Note that my near tears were not those of some psycho home-school mom wary of cutting the apron strings, but rather marked an important transition in my life as a mother as well as in my son’s progression toward becoming an independent and self-aware young man. Like the tears I shed when Parker weaned, these watery eyes masked freedom as much as sadness for a period of time that had expired. Selecting a home-schooled child’s curriculum, planning his lessons, teaching him the fine points of English grammar and composition, pre-algebra, and American World History, and marking his progress are generally nowhere near as physically time consuming as nursing. Yet these activities do circumscribe a parent-child bond that arguably exceeds the demands of mother and teacher combined. Just as it pained me to nurse Parker for the last time, the end of this particular manifestation of my relationship with my young son hurts. It is also filled with high expectations.

Parker wants to be an actor, but my wise little man desires a more reliable back-up plan than waiter. His big brother, Quentin, will begin studying engineering at university in the fall, largely because the demand for scientists and engineers has not waned through even the worst of the latest great recession. This lesson has not been lost on Parker, who was the force behind this move to the STEM academy. Why not parlay a life-long love of Legos into financial security?

Can you get MY kids to be that happy in the morning?

Wednesday, June 6th, 2012

photo 51

Lately, I’ve been texting “Good morning” photos of Everett to my family. This morning, one of my sisters asked, “Can you get my kids to be that happy in the morning?” Believe me, if I could bottle the mojo that makes my baby boy wake up like this, I would. I’d make a fortune.

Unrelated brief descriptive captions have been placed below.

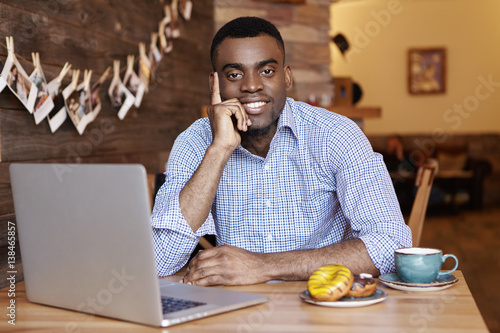 People, modern technology and communication concept. Cheerful dark-skinned male in formal shirt having rest at cafe during lunch break, sitting at table with mug, dessert and generic laptop pc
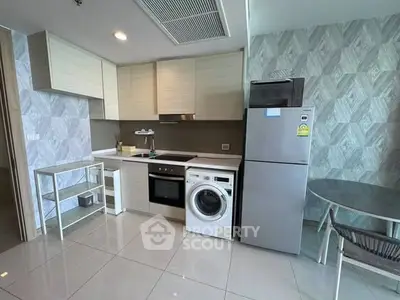 Modern kitchen with sleek appliances and stylish decor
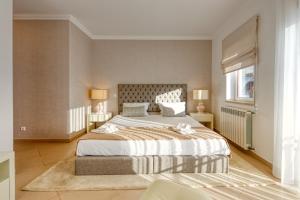 a bedroom with a large bed and a window at Praia D'el Rey - A4 in Óbidos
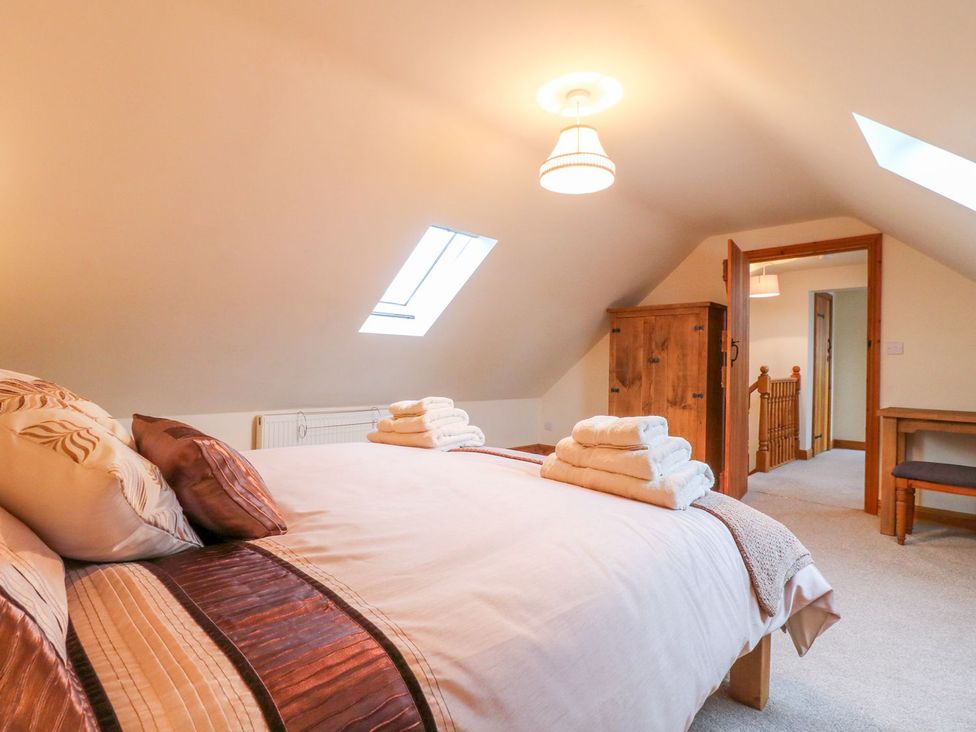 A bedroom with a bed and wardrobe at The Barn in Wirksworth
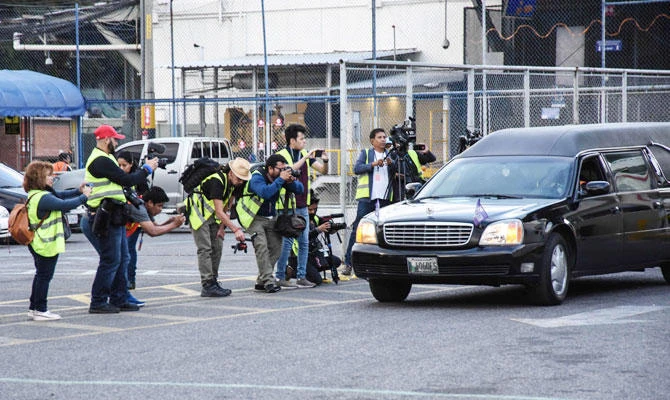 A hearse carrying a coffin with the repatriated remains of seven-year-old Guatemalan migrant girl Jakelin Caal Maquin, who died in a Texas hospital on last December 8, two days after being taken into custody by border patrol agents in a remote stretch of New Mexico desert, drives past journalists upon the remains arrival in Guatemala City before being taken to her native San Antonio Seacortez village, in Raxruha 320 km north of the capital. (AFP)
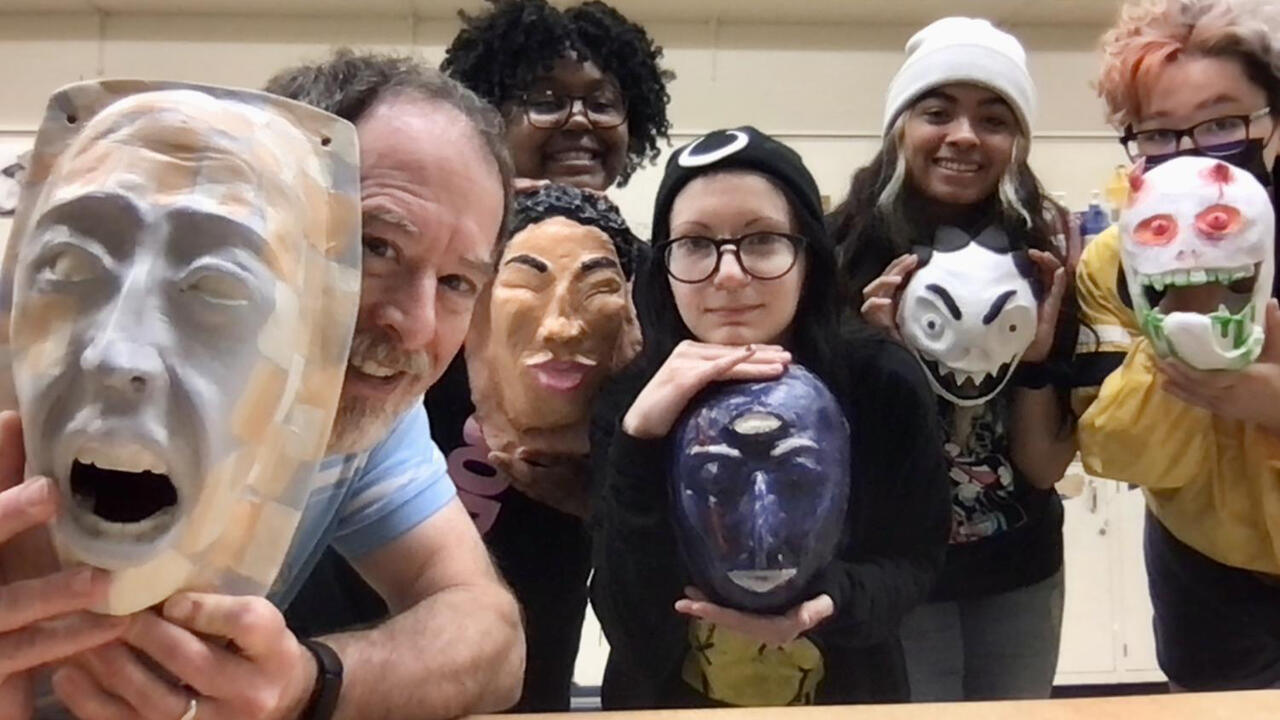 a middle aged man sits in-front of a group of young adults all holding different hand painted masks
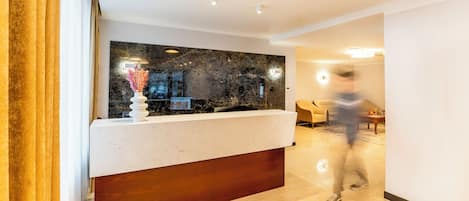Una moderna zona de recepción con mostrador de mármol, un florero con flores secas y un panel de madera.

Last Week of School…for All of Us

Monday, June 4th, 2012


And it started off…late. I got out of bed at 9:30 AM, when a friend came by to drop off the truck she borrowed for the weekend. I’d been up working until after 2 AM this morning. On any other Monday morning, my little ones would have started – or made the pretense of having started – their school work. This morning, however, the television was blaring, the kitchen was a mess, and the dogs were frantic – for lack of their morning exercise as much as their excitement over unexpected (for them, anyway) visitors.

I’d like to say that I expect the household to settle down and approach something close to a normal start to the week, but it’s unlikely. With my eldest, Quentin, essentially finished (high school attendance amounts to graduation practice today), and my grade-schoolers focused on their year-end performance (Thursday) and pool party (Friday), Freshman, Reiley, is the only one likely to accomplish anything meaningful this week.

And this is okay.

A major benefit of both academic work and home-schooling is flexibility. I can focus on shepherding Quentin through this week’s rite of passage without undo damage to either my career or his youngest siblings’ education. Next week is soon enough to complete the chapter I’m working on, and the “little kids” have already completed their assigned curriculum for the year; a handful of math problems and a journal entry from each of them most days will suffice for school work this week.

So despite this week’s hectic start, I’m expecting a fairly easy and mostly enjoyable week.